By Maureen Seneviratne
The Queen of England and the Commonwealth of Nations recently celebrated her 60th year, the Diamond Jubilee of her reign with much pomp and pageantry. 60 years is a long time to reign but not govern.
Britain does not have a written Constitution. Its government evolved down the centuries. It always had a group of advisors to the ruler. The kingship is hereditary. It passes from father to son, to the eldest child. The king reigned, he was the head of State but the important factor of finance was in the hands of Parliament, the House of Commons as it is called in the United Kingdom of England, Scotland, Wales and Northern Ireland. At elections regularly held, the people voted their representatives into power.
This form of government is called parliamentary democracy. The original democracy was in ancient Greece, where the people of Athens had the vote. Over the centuries it evolved in Britain and as Parliament grew stronger, the ruler’s power was diminished. What the people have is the immense dignity, the graciousness and the charisma of the ruler.
Even to us, watching on TV – the Diamond Jubilee celebrations in England of Queen Elizabeth the Second, we could not fail to be impressed by her demeanour, her charm and maturity in her role.
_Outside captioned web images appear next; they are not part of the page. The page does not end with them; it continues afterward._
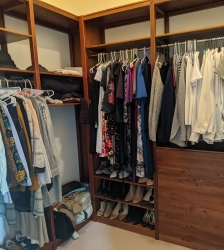 Walk In Closet Organizer Shoe Rack Setup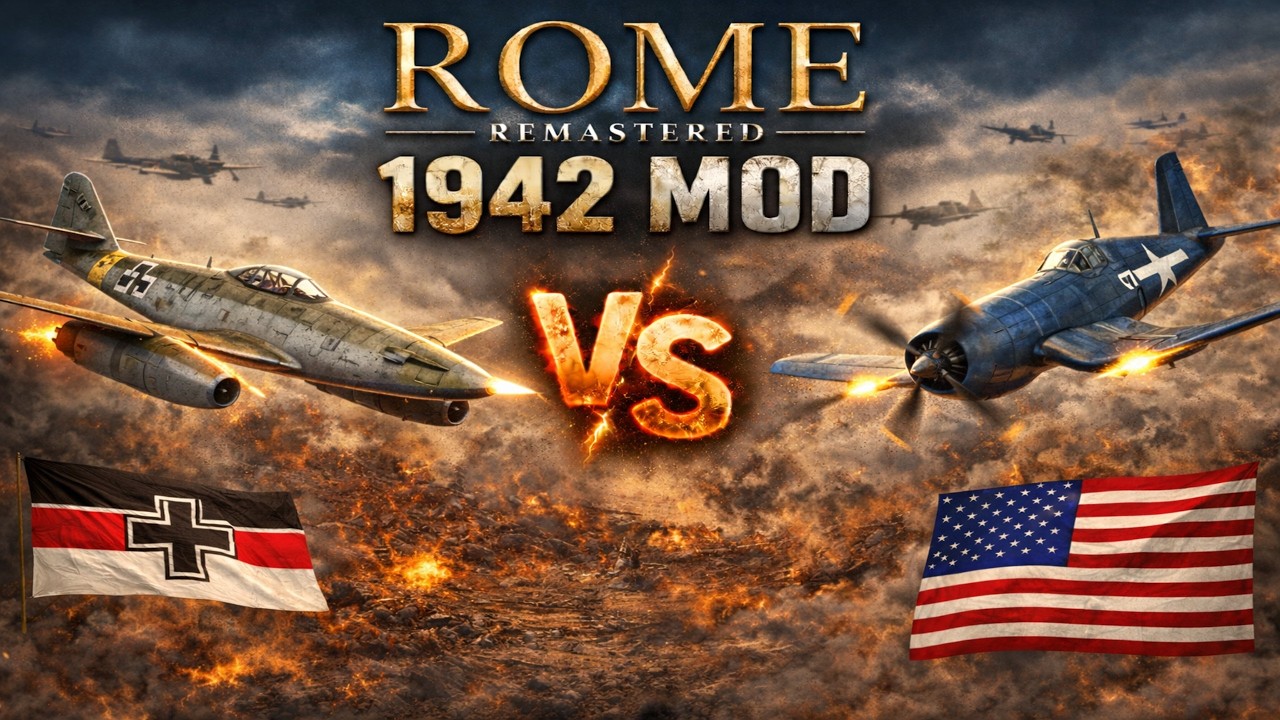 Rome Remastered:  Messerschmitt Me 262 vs F4U Corsair: 1942 Mod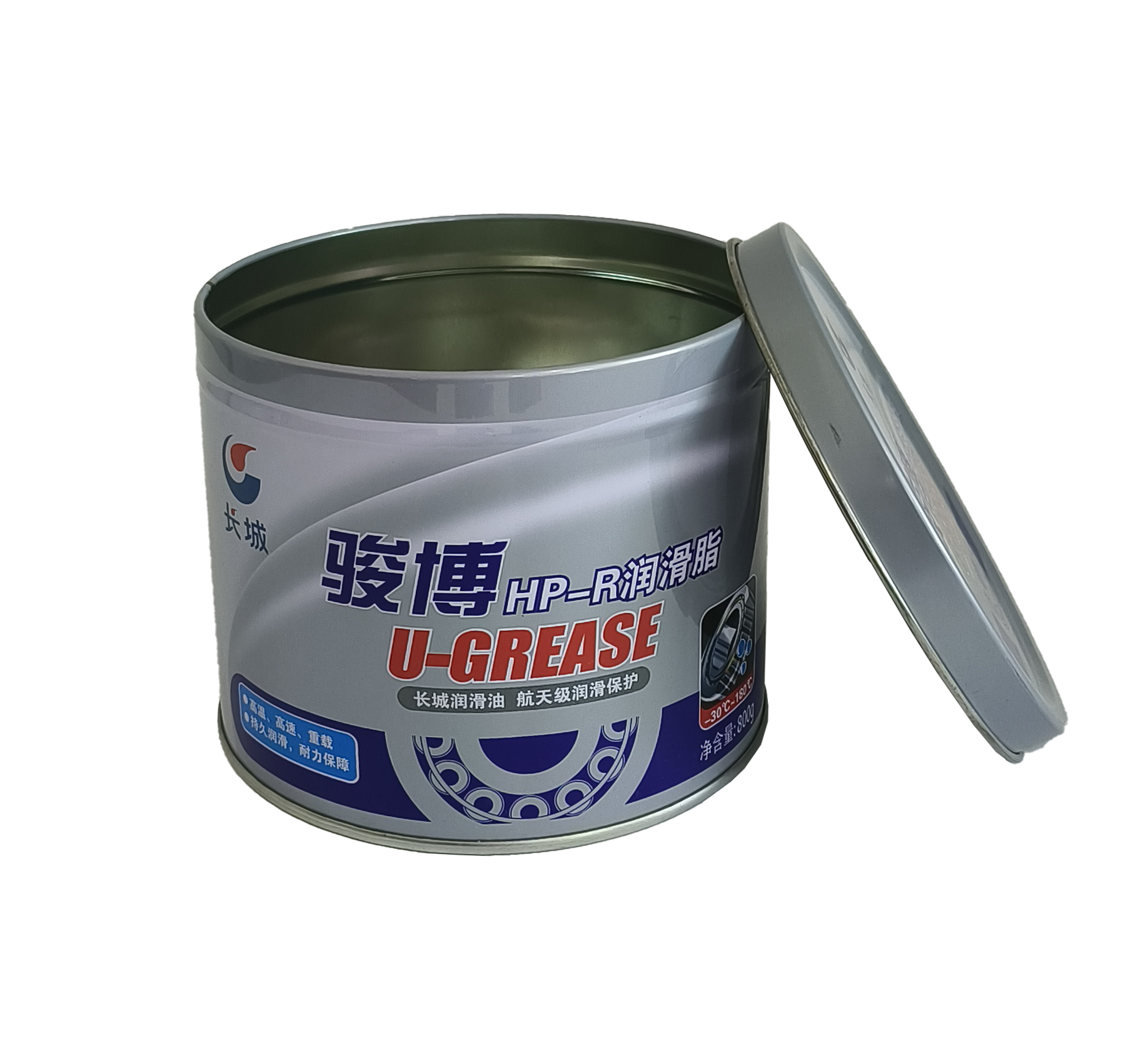 0.8kg\800g Lubricating grease tin can metal barrel with can lid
Sri Lanka which was once a colony of the British Empire, with a king ‘Over the water’ received its political freedom on 4th February 1948. India, also a British possession, revived its freedom at the same time and Pakistan was formed, a mostly Muslim State.
In Sri Lanka the Governor General, later the President has significant powers which includes the right to pardon a person condemned to prison by the Courts. All matters concerning financial affairs have to be clearly expressed to the President by the Minister of Finance before he presents them to Parliament and win his approval.
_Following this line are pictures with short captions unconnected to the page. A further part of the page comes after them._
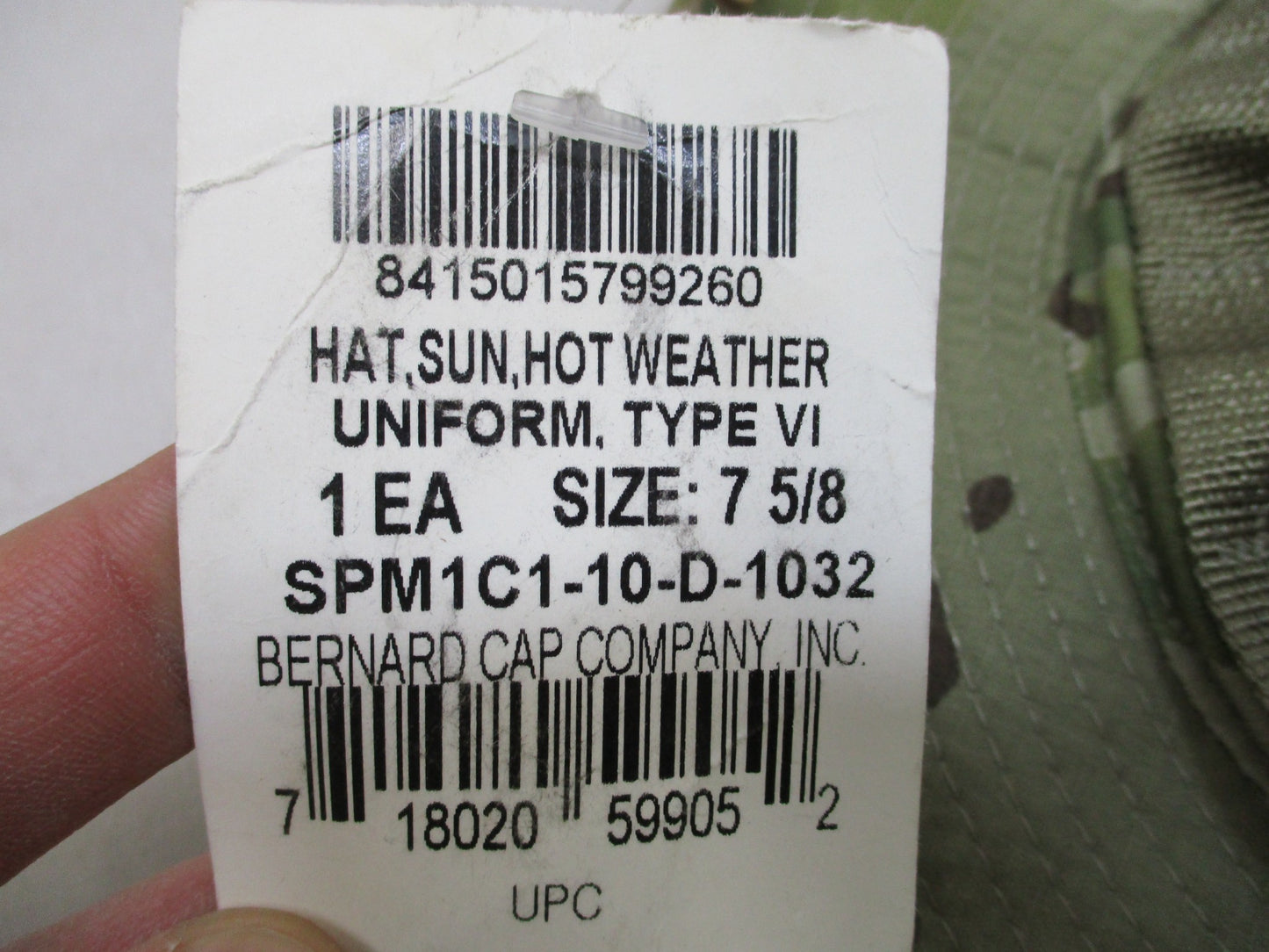 NEW XL OEF SUN HAT USGI ARMY ISSUE OCP MULTICAM BOONIE CAP BUCKET HAT SZ: 7-5/8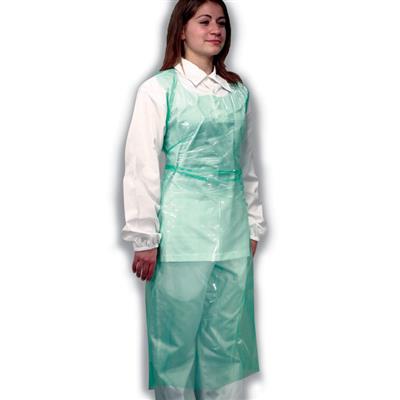 BV POLYTHENE APRONS 80X125CM WHITE 100'S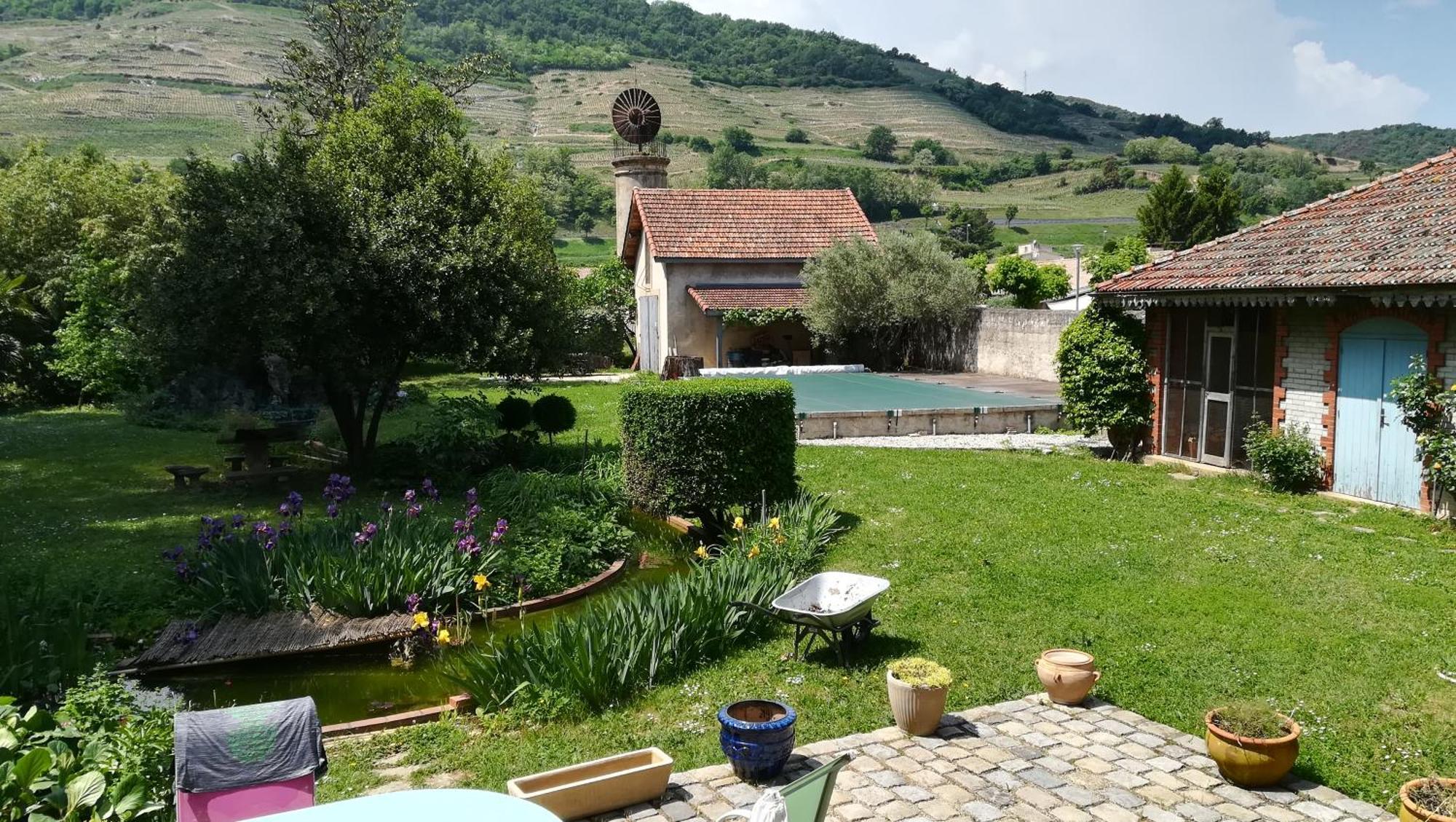 Les Palmiers Bed & Breakfast Mauves Bagian luar foto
Sri Lanka has a long history of kingship. Even the original inhabitants, the Yakkas and Nagas had their kings and queens. We recall the meeting between Prince Vijaya and Princess Kuveni where Vijaya arrived on the shores of Lanka, banished from his father’s kingdom in India. But with all the powers the kings of Lanka had, there are only rare examples of absolute rulers. The council of ministers had power. Strong and benevolent kings like Dutugemunu and Vijayabahu, not to mention Parakrama Bahu the First and much later of course the Sixth had unlimited power over the whole country to use it for the good of the country and its people. In a country where in the north western regions rain was scarce they built huge tanks to conserve water with channels loading to the fields. Even today they are regarded as marvels of irrigation. Many are still in use.
The Portuguese, Dutch and British who invaded and ruled the island over a period of nearly 500 years, set up schools but schools had existed from earliest times in the history of this country. Education is power and in its way it ensured that their kings reigned but did not govern in the way that dictators and tyrants do. According to the Mahavamsa and Chulawamsa, those most ancient texts, the kings of Lanka always gave their utmost for their people. Their main goal was to attain self sufficiency in food for the population. Even today the tanks of Minneriya, Kala Wewa and the Giants Tank look like great inland seas. The word tank sounds like a misnomer – the local term wewa expresses it better.
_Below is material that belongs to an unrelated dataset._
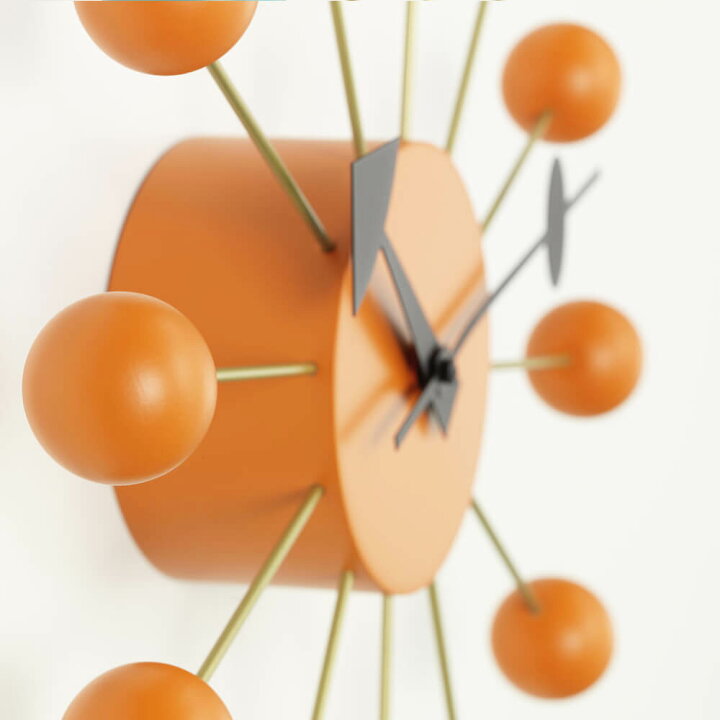 楽天市場】☆Vitra Ball Clock ボール クロック 掛け時計 マルチカラー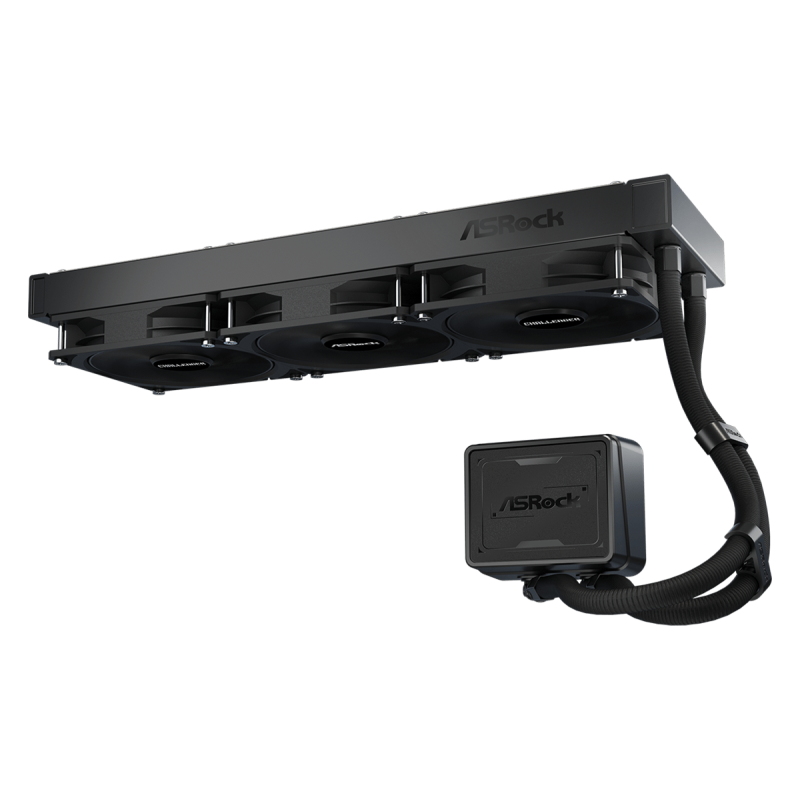 ASRock Challenger Pure 360 Υδρόψυξη Επεξεργαστή Τριπλού Ανεμιστήρα 120mm για Socket AM4/AM5/1700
As time passes and people progressed in learning they challenged absolute rulers. However, dictators held sway in Eastern Europe well into modern times. But a mighty surge of change occurred in those countries too where their rulers met what is known as people’s power and had to give power more effectively to their country’s people. Democracy in its true meaning is government of the people, by the people, for the people. It is for rulers to reign but not govern as is the style of the British monarchy, a much loved institution as we saw on TV how much the queen of England is loved and admired, yet she reigns but does not govern.